Written by Jaymi Heimbuch
Are people really interested in raising backyard chickens? Do they care about reusable diapers? According to Google’s most popular eco-minded search topics of 2011, the answer is yes, yes they do. In fact, those were two of the most popular searches of the year in green.
Last week, Google released the 11th annual Zeitgeist, a compilation of data about popular search terms. So what are some of the most popular?
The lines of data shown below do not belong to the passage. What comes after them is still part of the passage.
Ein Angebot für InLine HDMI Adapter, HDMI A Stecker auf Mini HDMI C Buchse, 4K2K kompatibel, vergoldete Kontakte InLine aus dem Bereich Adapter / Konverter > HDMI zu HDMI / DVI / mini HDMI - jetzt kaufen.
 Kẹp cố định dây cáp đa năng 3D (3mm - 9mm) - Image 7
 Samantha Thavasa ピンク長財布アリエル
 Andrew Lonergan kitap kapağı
Here’s a brief summary:
Most Popular Sustainable Topics
1. Sustainable Development
2. Sustainable Energy
3. Sustainable Agriculture
Most Popular Environmental Topics
1. How to Compost
2. What is Vegan
3. What Causes Earthquakes
Most Popular Rare Wild Animals
1. Red Panda
Most Popular Alternative Energy Types
2. Nuclear Power
3. Wind Energy
Most Popular Hybrid and Alternative Vehicles
2. Chevy Volt
3. Smart Car
Most Popular Search for What People Are Reusing
1. Reusable Bags
2. Reusable Diapers
3. Reusable Water Bottles
Most Popular Waste Disposal Methods
1. Garbage Island
2. e waste recycling
3. Apple recycle
But knowing what’s popular isn’t where the fun ends. It seems Google always has something up its sleeve to make searching the web more interesting.
“As part of Google Green, we created the Green Scrapbook so you can explore these green trends, choose your favorites, and reveal videos and surprising facts about them. As you click around, you create your very own 2011 Green Scrapbook, which you can personalize with your name on top and share with your friends. Check out the highlights video: ”
If you happen to be searching these topics anyway, creating a scrapbook of your searches sounds like an intriguing idea, especially if it helps guide you to more and more information. As Google notes, “We hope that the more we understand about garbage islands, the more we’ll choose to use reusable bags. And the more we understand what deforestation is, the more we’ll want to protect the cute red panda.”